I think I should write down my peach pie recipe here because I used a couple different cook books to figure out the best way to use my canned peaches in a pie. So here it is:

Peach Pie recipe for one 10" pie (made on 2/08/09)

Pie crust ingredients for one 2-crust 10" pie:
  • 2 1/2 c. flour
  • 3/4 tsp. baking powder
  • 1 1/2 tsp. salt
  • 1 c baking Crisco
  • 6-7 tbsp. water
  • 3 tbsp. plain bread crumbs
  • Cooking spray

Filling ingredients:
  • 1 1/2 qt. canned peaches (I used the Harrow Beauty variety)
  • 1/4 c. cornstarch

Sift together dry ingredients. Cut in Crisco with pastry cutter. Pour in water (you can add more if need be). Knead dough for a few seconds. Divide dough so that one portion is slightly larger than other. Take larger portion and roll out to a circle that is about 12" in diameter. Carry dough (using rolling pin method) to pie plate that has been sprayed with cooking spray. Shape dough to plate and trim away excess. Add bread crumbs and pat to adhere.

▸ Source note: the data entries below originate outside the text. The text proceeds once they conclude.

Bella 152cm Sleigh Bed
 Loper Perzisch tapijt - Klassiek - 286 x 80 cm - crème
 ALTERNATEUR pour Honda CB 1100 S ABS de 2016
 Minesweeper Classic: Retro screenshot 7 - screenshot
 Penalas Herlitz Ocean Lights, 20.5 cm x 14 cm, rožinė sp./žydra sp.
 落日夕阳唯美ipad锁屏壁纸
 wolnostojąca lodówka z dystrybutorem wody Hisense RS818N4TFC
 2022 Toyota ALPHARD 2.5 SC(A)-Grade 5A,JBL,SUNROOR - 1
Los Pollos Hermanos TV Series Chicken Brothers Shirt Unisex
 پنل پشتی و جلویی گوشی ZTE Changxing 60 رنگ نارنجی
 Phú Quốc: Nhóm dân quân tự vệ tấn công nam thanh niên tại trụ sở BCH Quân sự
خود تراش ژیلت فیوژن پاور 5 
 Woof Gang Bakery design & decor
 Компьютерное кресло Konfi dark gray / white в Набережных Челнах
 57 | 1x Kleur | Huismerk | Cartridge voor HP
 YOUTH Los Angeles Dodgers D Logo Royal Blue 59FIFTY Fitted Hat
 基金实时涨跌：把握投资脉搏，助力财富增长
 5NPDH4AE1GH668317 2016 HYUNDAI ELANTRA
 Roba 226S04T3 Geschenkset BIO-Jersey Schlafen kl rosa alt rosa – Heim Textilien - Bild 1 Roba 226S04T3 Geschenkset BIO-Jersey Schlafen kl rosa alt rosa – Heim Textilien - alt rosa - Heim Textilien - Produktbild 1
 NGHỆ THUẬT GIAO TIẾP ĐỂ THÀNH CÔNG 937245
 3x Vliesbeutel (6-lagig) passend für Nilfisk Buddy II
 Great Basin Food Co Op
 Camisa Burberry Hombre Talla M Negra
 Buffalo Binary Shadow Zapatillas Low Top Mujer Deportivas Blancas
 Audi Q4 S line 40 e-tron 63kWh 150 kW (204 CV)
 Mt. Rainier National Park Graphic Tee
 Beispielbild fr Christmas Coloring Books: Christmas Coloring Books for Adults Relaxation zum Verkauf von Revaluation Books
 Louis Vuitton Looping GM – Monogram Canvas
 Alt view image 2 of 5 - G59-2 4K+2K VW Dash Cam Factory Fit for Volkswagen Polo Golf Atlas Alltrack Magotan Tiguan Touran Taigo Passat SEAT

To prepare filling: Drain peaches and coat them with cornstarch. Pour into pie plate. Preheat oven to 400°.

To make top layer of crust:
Roll out smaller piece of dough so that it is roughly 10" wide. Place on top of peaches. Tuck top layer's edges under bottom layer's and crimp with fingers. Make slits in top. Bake for 45 minutes.